**PROBLEM**
The copy should hold only the line containing "bag or briefcase bag on a background." and the lines after it through the end of the material, each exact, with no pictures.
**** GIVEN ENTRIES ****
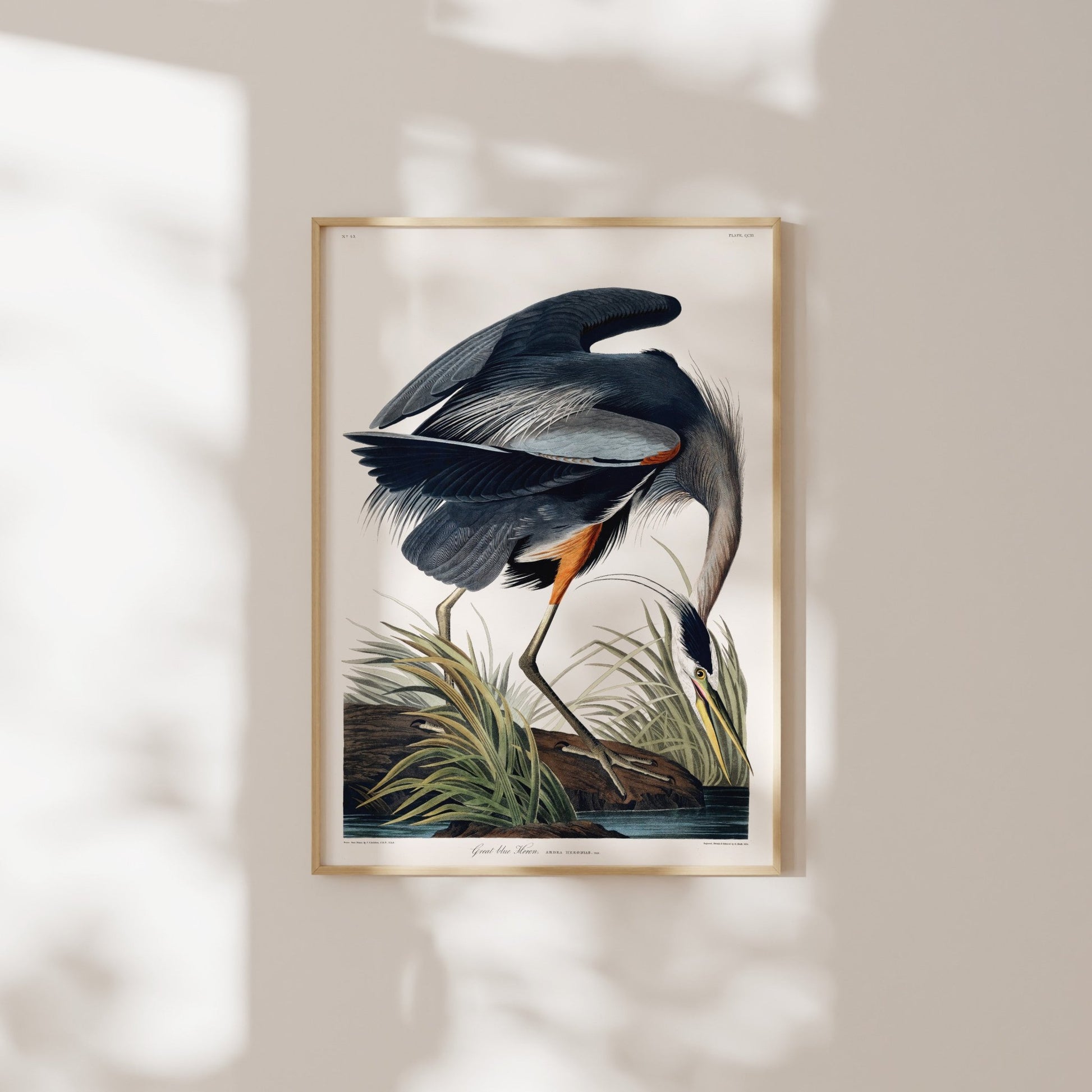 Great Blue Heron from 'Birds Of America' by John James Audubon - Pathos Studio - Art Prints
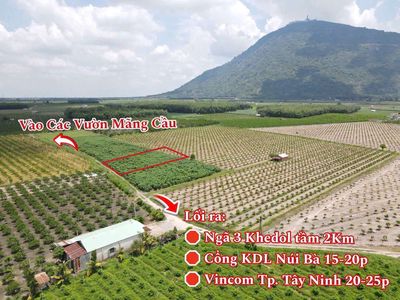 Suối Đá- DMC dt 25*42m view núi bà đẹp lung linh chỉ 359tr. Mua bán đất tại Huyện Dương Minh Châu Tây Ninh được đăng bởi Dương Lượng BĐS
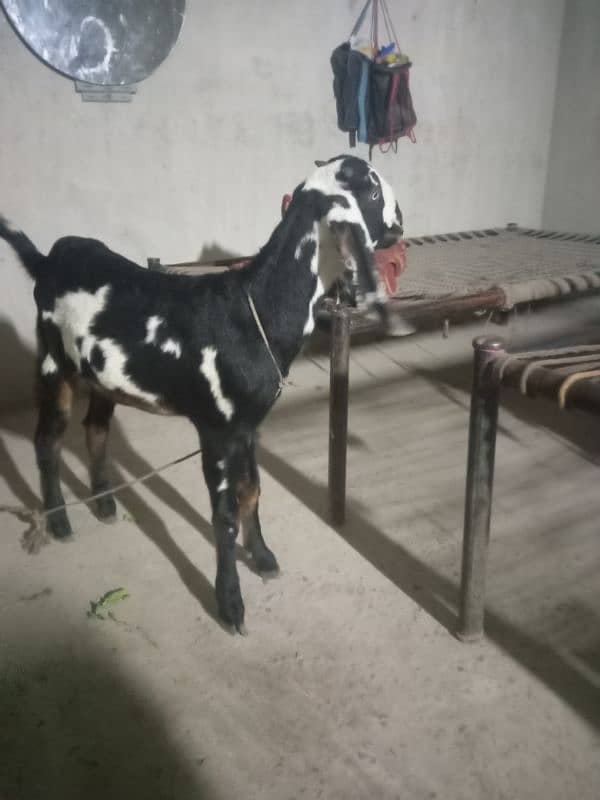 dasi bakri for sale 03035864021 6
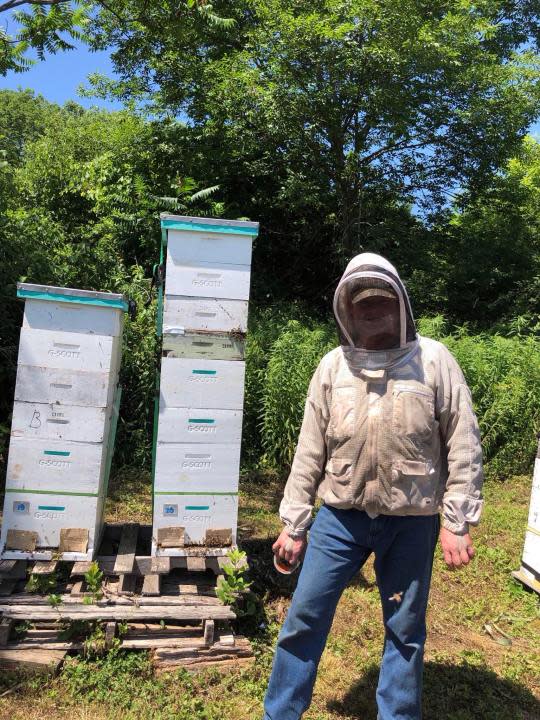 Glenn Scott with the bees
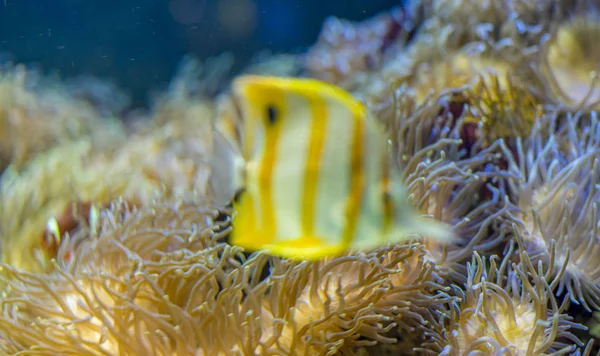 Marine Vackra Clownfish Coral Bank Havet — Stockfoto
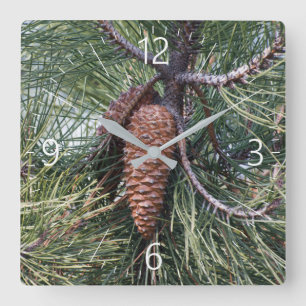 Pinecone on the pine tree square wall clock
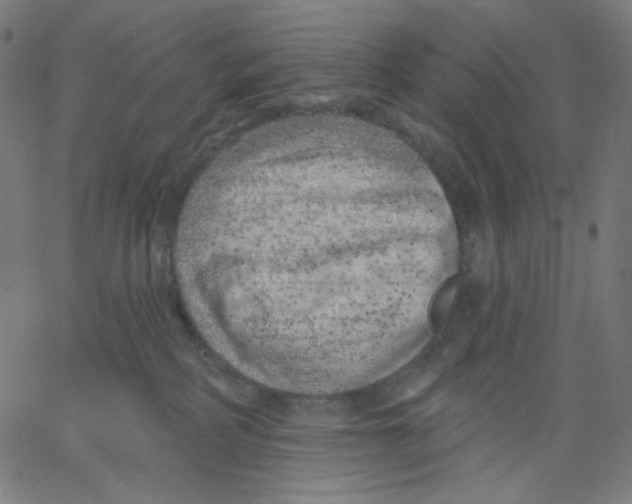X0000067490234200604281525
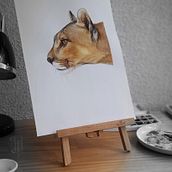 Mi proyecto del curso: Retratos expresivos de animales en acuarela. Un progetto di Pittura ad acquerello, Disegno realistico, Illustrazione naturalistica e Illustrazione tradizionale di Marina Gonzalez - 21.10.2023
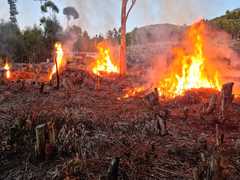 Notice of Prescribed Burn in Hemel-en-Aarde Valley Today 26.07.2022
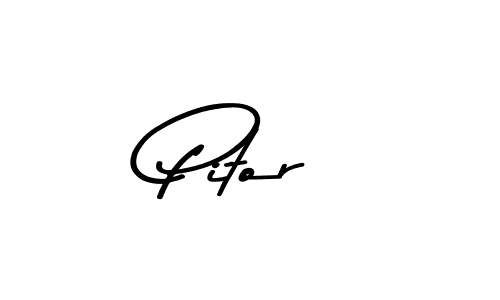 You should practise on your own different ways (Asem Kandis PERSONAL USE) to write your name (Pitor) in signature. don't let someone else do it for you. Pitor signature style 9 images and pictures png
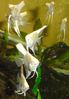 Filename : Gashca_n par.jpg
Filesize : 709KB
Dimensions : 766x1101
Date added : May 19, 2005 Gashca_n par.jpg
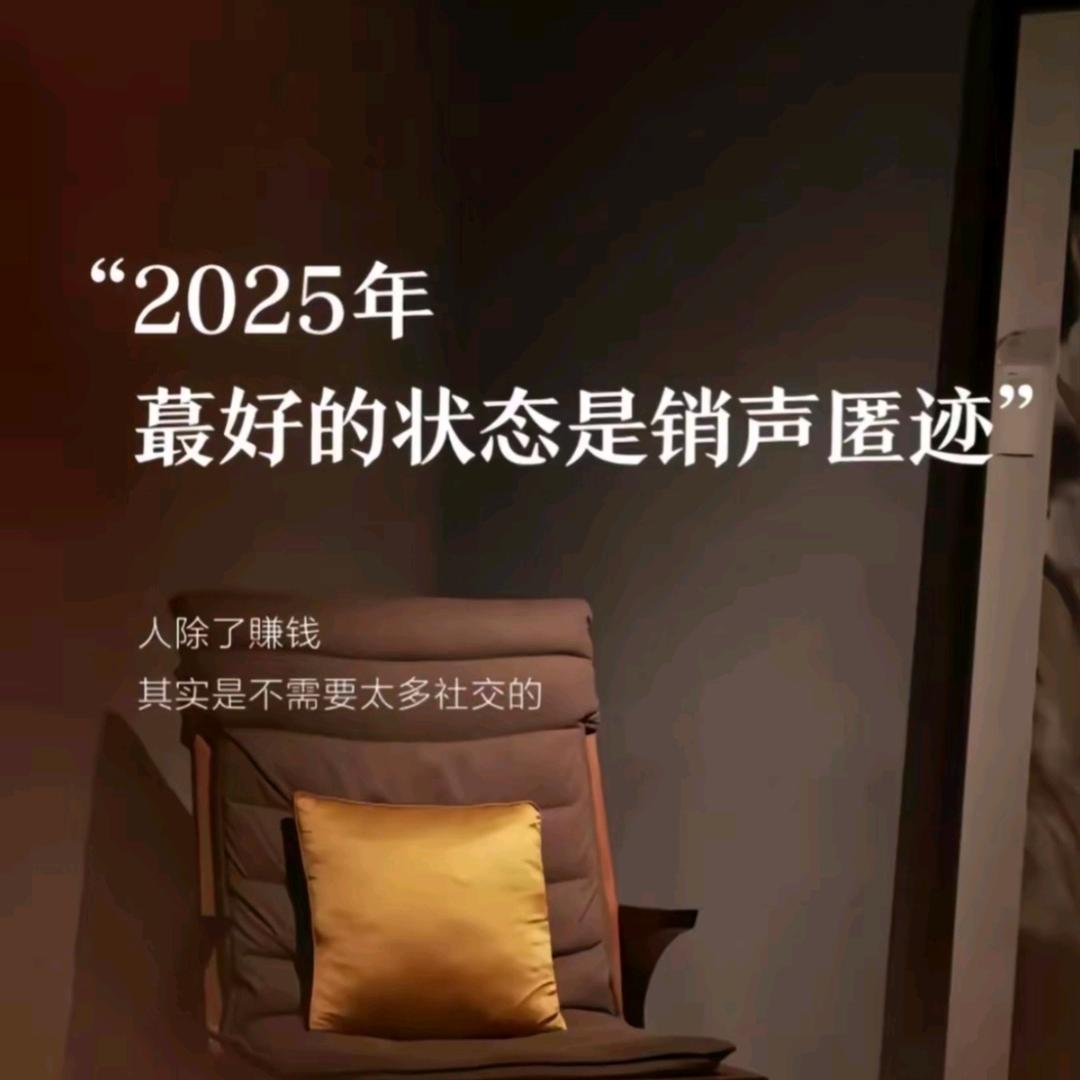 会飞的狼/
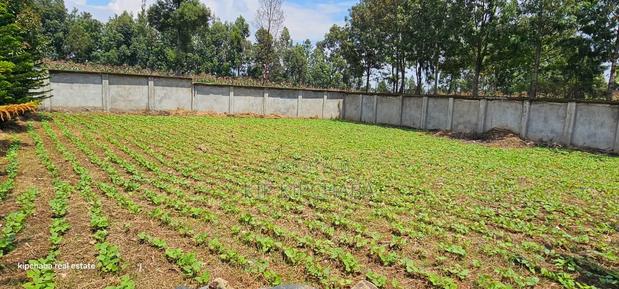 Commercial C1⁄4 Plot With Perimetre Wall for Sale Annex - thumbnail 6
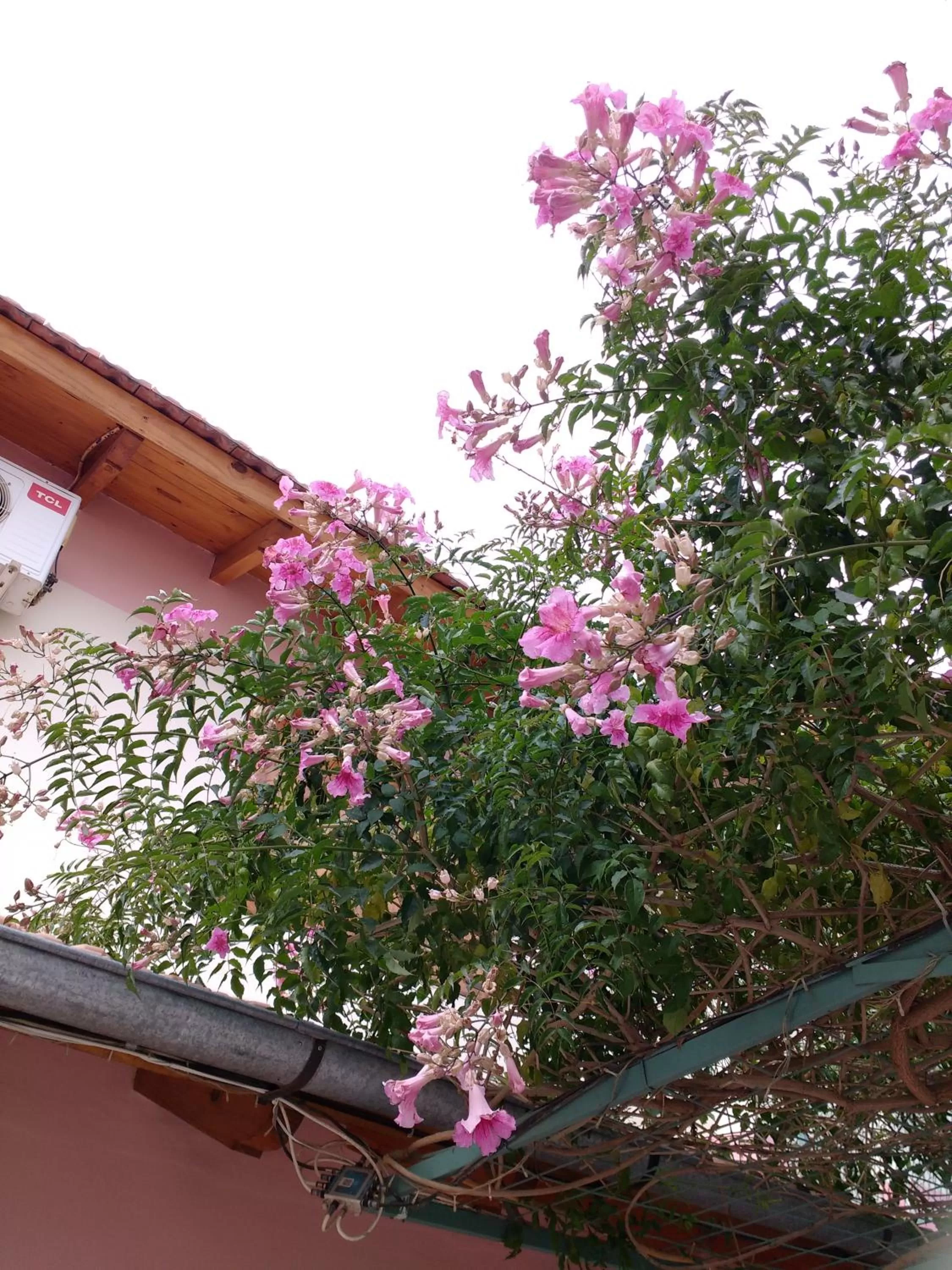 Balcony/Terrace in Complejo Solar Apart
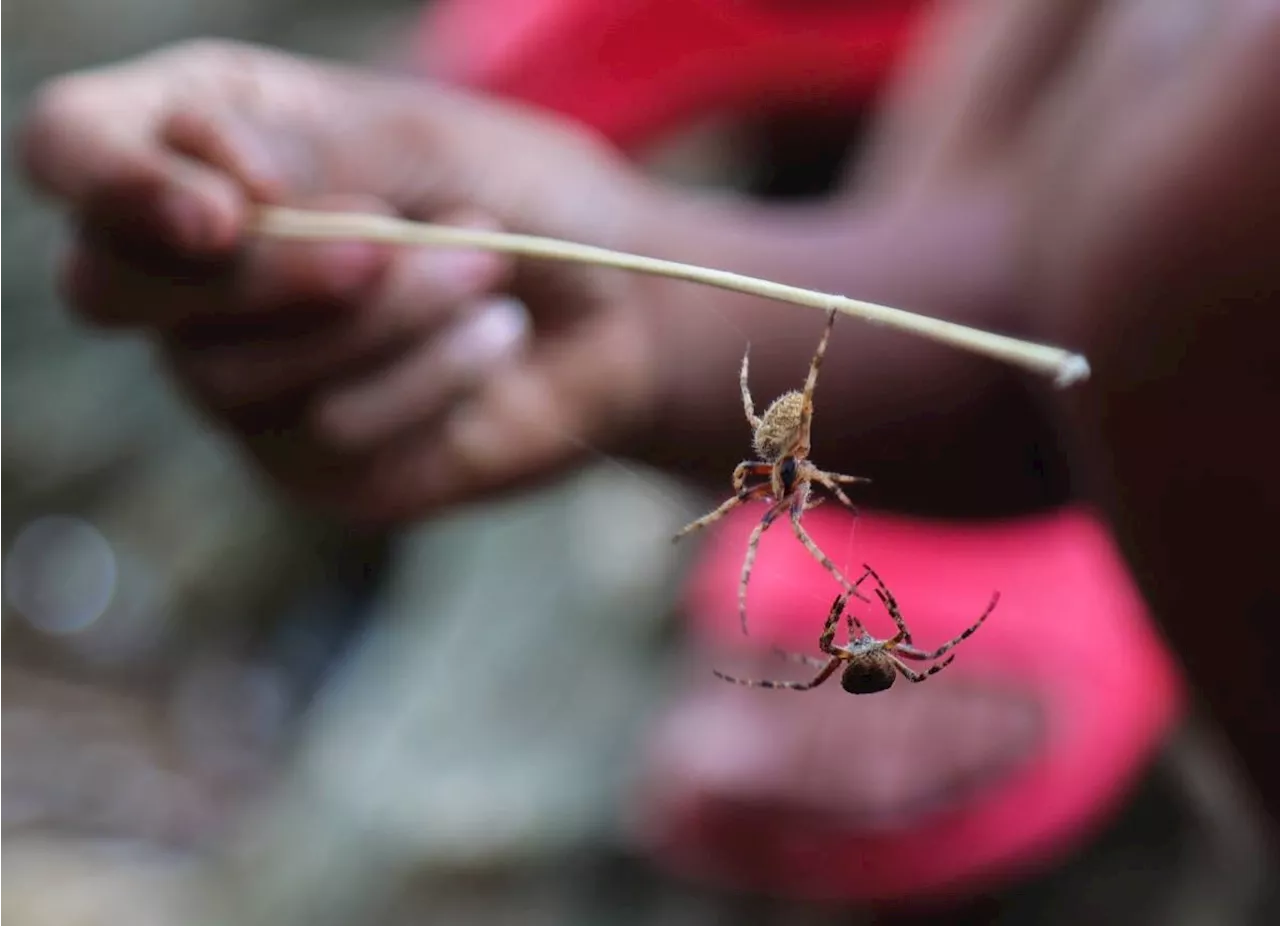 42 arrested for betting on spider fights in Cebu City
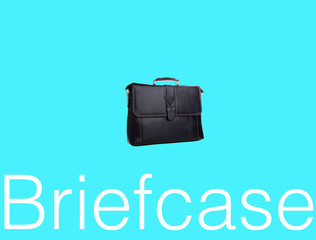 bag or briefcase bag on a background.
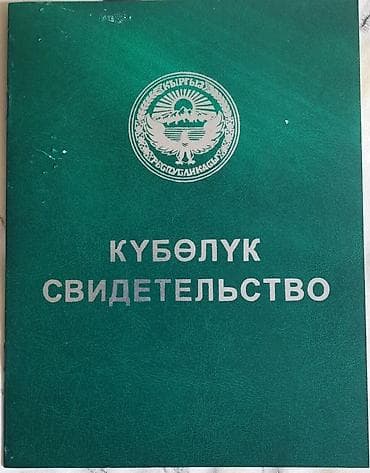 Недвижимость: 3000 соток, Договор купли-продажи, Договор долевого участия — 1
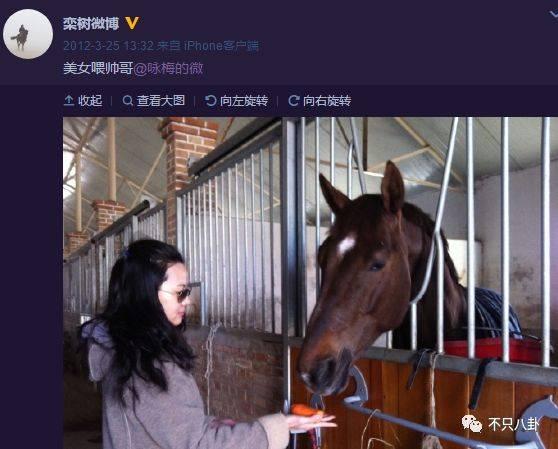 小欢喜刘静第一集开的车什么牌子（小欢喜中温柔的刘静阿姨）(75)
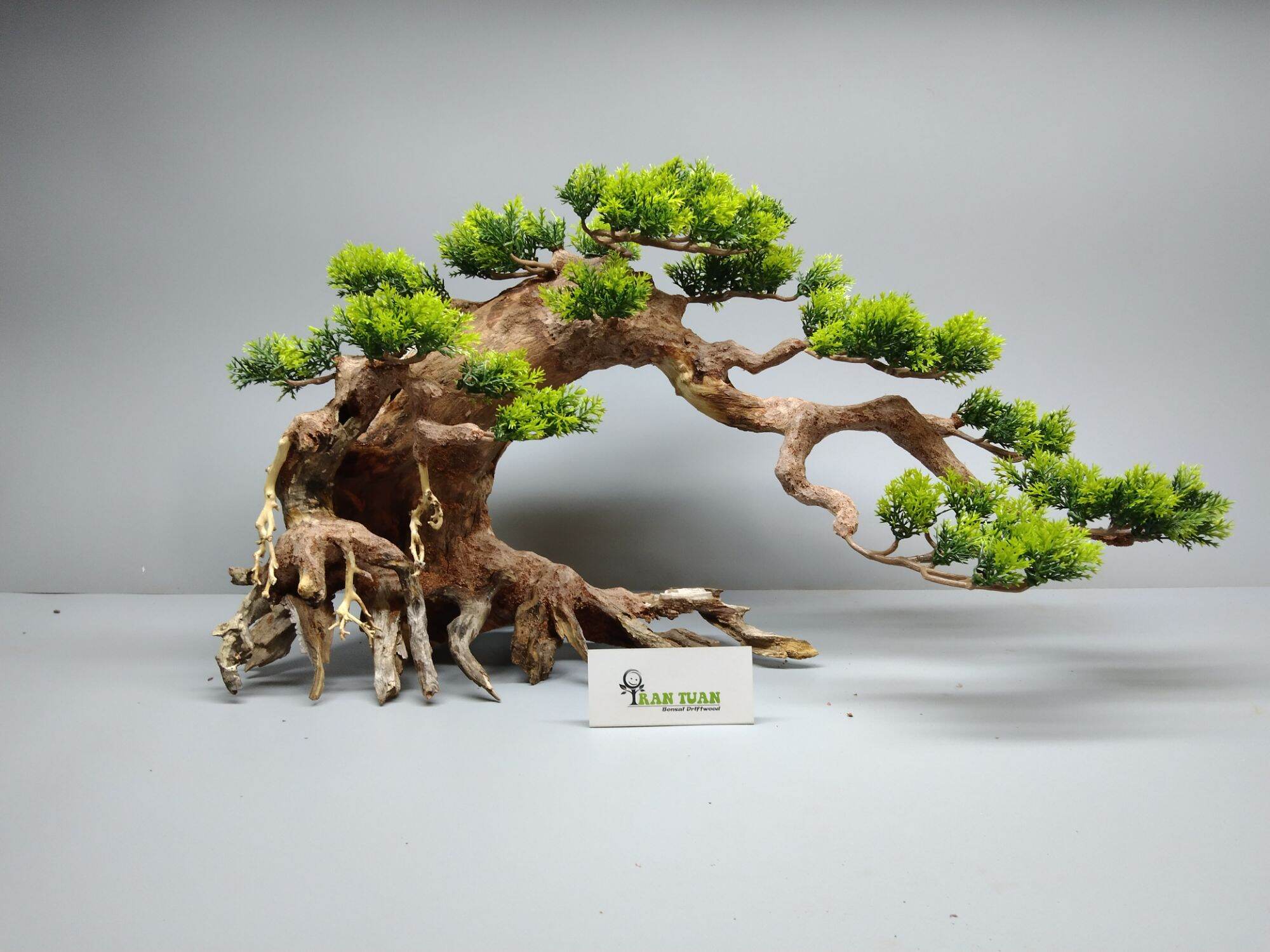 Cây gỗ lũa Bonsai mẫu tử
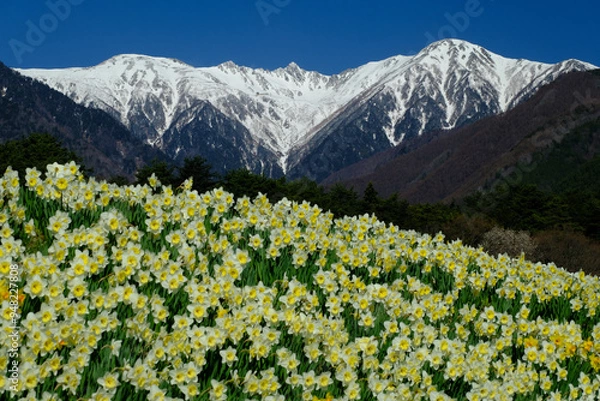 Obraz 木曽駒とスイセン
****
**WRITTEN RESPONSE**
 bag or briefcase bag on a background.
 Недвижимость: 3000 соток, Договор купли-продажи, Договор долевого участия — 1
 小欢喜刘静第一集开的车什么牌子（小欢喜中温柔的刘静阿姨）(75)
 Cây gỗ lũa Bonsai mẫu tử
 Obraz 木曽駒とスイセン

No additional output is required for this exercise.